● **Brief**
Retype, word for word, every line of the records below starting at the one that contains "A-Line/Princess Off-the-Shoulder Organza" and ending at the one that contains "Outsunny - Piece"; include both of those lines and nothing more.

● **Exercise material**
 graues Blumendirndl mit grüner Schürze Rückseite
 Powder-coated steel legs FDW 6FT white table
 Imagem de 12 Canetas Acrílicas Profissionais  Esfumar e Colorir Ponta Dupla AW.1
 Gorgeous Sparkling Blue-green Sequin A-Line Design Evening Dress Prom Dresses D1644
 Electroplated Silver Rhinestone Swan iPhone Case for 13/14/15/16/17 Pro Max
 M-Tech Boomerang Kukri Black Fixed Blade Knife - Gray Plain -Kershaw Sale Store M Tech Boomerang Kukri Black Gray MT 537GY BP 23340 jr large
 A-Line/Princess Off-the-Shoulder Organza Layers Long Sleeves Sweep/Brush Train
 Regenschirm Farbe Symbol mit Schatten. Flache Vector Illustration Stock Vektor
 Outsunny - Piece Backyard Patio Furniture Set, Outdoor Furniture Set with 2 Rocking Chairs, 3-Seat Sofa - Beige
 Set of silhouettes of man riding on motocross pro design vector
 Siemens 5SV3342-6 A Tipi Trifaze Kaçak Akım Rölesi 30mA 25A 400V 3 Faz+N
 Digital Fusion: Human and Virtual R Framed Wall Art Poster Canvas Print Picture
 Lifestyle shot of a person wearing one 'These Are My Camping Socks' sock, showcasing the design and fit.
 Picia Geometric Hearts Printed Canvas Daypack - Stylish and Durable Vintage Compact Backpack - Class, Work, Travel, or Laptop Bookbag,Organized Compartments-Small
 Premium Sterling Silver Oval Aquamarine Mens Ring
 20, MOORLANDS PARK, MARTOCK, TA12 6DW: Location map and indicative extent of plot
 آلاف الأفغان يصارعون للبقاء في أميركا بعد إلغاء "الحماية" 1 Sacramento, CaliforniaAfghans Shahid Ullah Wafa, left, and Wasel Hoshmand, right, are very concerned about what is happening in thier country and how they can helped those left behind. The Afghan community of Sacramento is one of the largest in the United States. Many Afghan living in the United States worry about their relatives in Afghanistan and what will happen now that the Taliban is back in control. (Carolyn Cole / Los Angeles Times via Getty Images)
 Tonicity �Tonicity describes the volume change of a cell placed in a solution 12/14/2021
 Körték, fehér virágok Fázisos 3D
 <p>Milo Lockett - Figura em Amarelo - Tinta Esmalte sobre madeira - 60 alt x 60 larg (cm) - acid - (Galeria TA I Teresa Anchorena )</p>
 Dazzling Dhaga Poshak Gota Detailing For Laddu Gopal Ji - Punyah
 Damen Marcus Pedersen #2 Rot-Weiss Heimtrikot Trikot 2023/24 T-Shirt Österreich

● **Solution for this task**
 A-Line/Princess Off-the-Shoulder Organza Layers Long Sleeves Sweep/Brush Train
 Regenschirm Farbe Symbol mit Schatten. Flache Vector Illustration Stock Vektor
 Outsunny - Piece Backyard Patio Furniture Set, Outdoor Furniture Set with 2 Rocking Chairs, 3-Seat Sofa - Beige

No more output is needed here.